The towering gray frames rise high above even the trucks that come through the car wash, and powerful blasts of water leaving their trunks can be heard echoing through the trees.
The car wash involves two of the elephants sucking water into their long, slender trunks before showering it upon waiting vehicles as the guests inside squeal with delight. Today, Tiki and Alice, both 39, are at work. George, 28, relaxes in a nearby shaded area. After the initial rinse, the elephants grip a small sponge in their snouts and scrub the windows.
During downtime, the trainers work to keep the elephants cool, spraying water from the hose directly into their mouths and hosing down the animals large grey backsides.

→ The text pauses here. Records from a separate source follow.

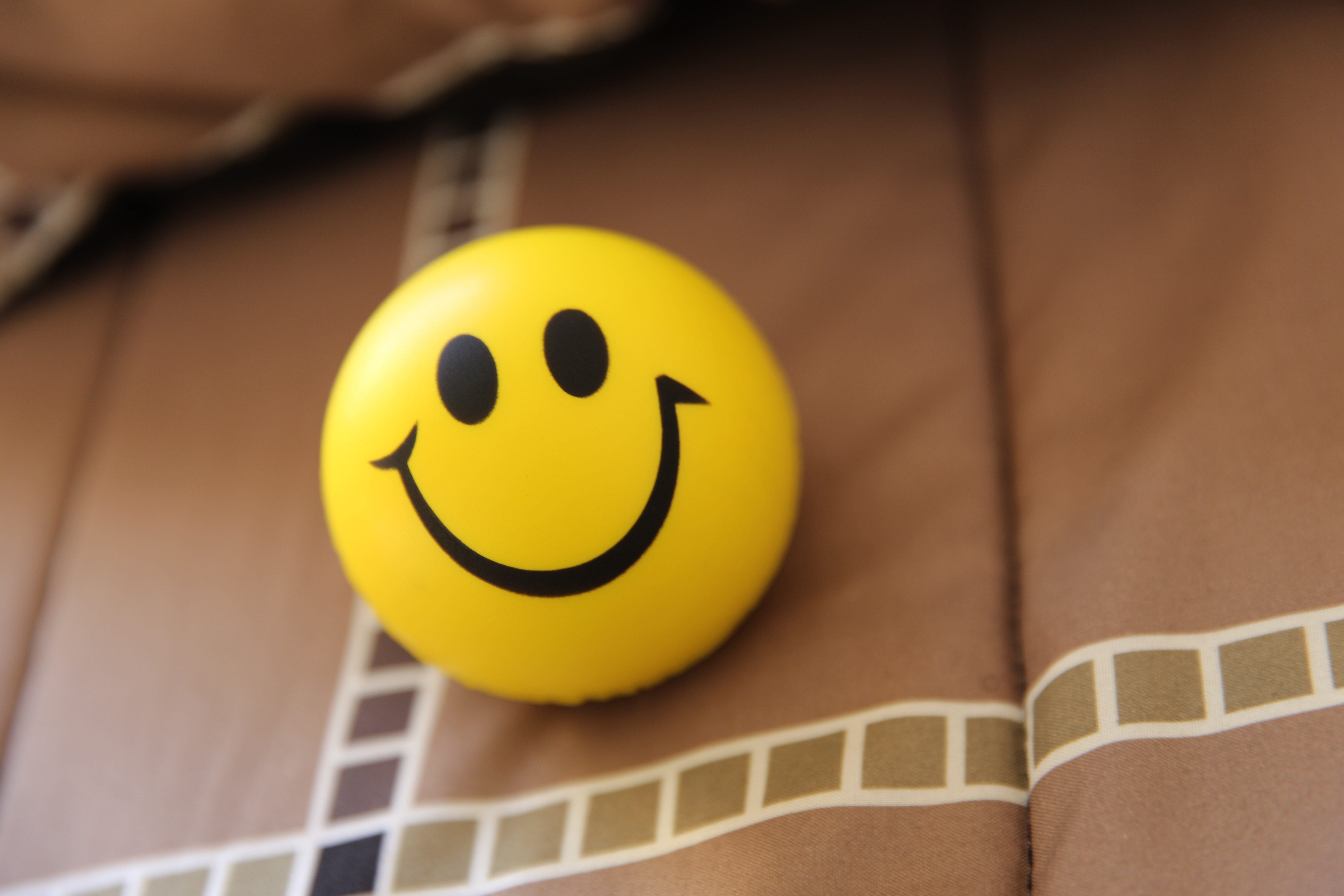 anthropomorphic smiley face, smiling, yellow, close-up, representation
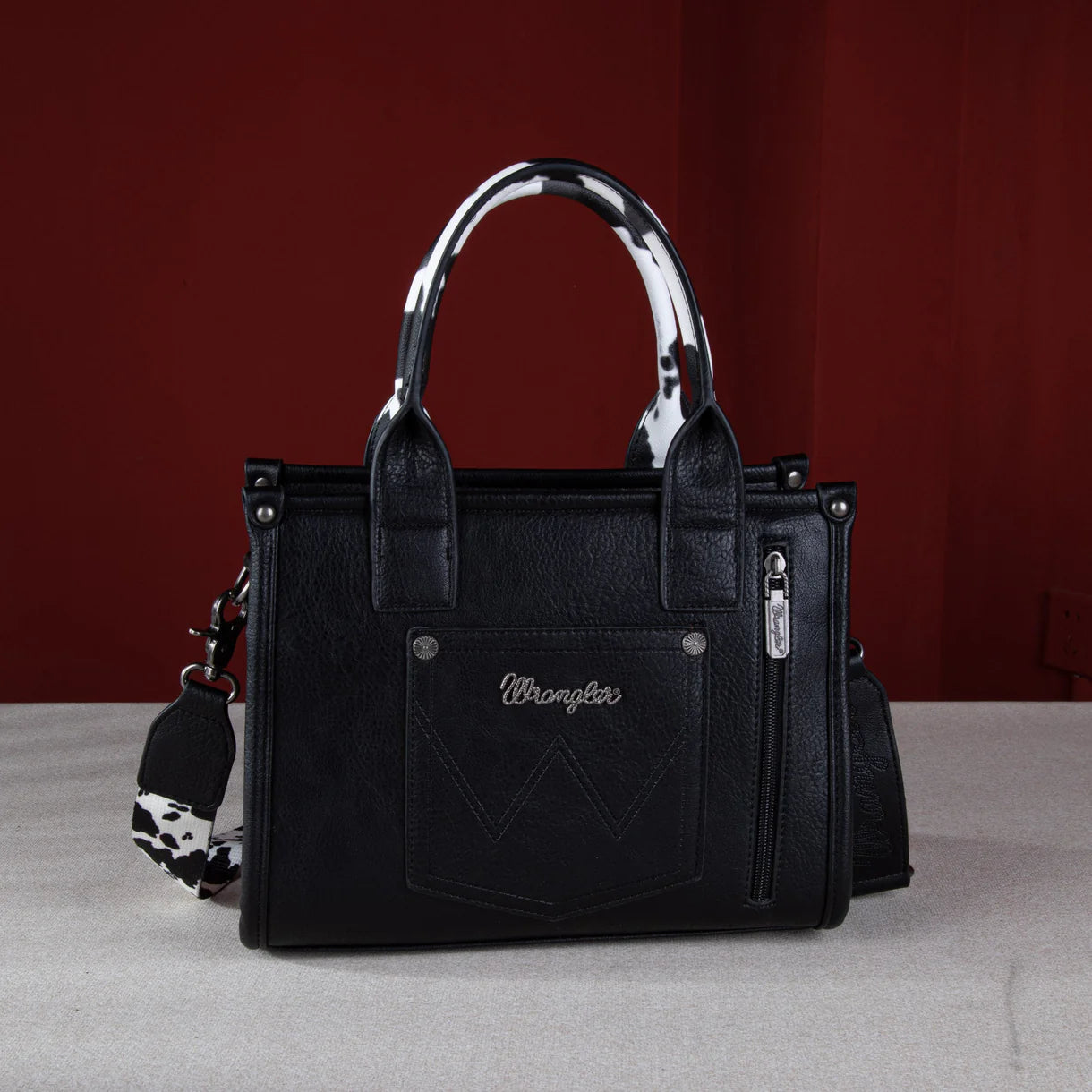 Front view: "Wrangler Cow Print Concealed Carry Tote Crossbody Bag Black — front view"
Interior/pocket view: "Wrangler Cow Print Concealed Carry Bag — interior concealed carry pocket detail"
Side/crossbody view: "Wrangler Black Cow Print Crossbody Bag — worn as crossbody style"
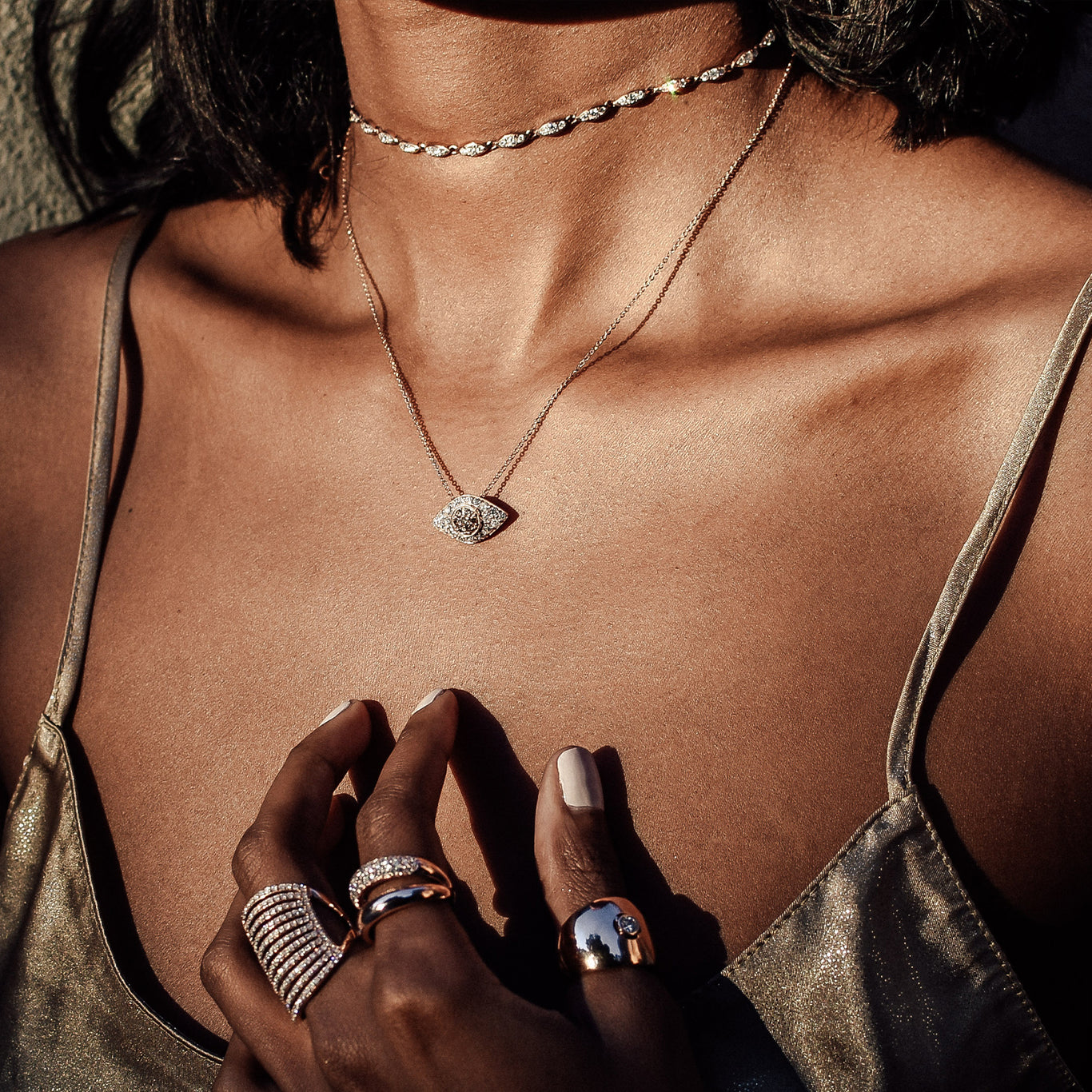 Our Drishti Necklace shown layered with the Angel Choker.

Wilson compared the intelligence of an elephant to that of a preschool-aged child. Because of this, elephants require constant stimulation. “Part of our job is teaching them new things not to let them get bored,” she said.
The trainers have devised creative ways to keep elephants busy. They can paint, all three can play “Happy Birthday” on the harmonica, and Tiki can play the drums.
Positive reinforcement is crucial to the elephants’ development, explained Wilson. If they remain active, elephants can reach the age of 80, maybe even older. The trainers take them on long walks over the hills on the property, allowing them to roam through the wilderness and even push down trees. “They’re like a well trained dog,” explained Wilson, “They’ll walk right beside you.”
The Fourth of July festivities at Wildlife Safari culminated on Saturday with a celebration of George’s 28th birthday. Part of the park’s “Elephantastic Week,” guests were invited to take part in a unique event. The staff designed the elephant’s cake, made of carrots and fruit (people had a separate cake). After Tiki and Alice played “Happy Birthday” on their harmonicas, each elephant got to unwrap a personal watermelon in front of the crowd.
“Seeing an elephant up close is so different than seeing them on television,” Alayan said. “People are going to remember that.”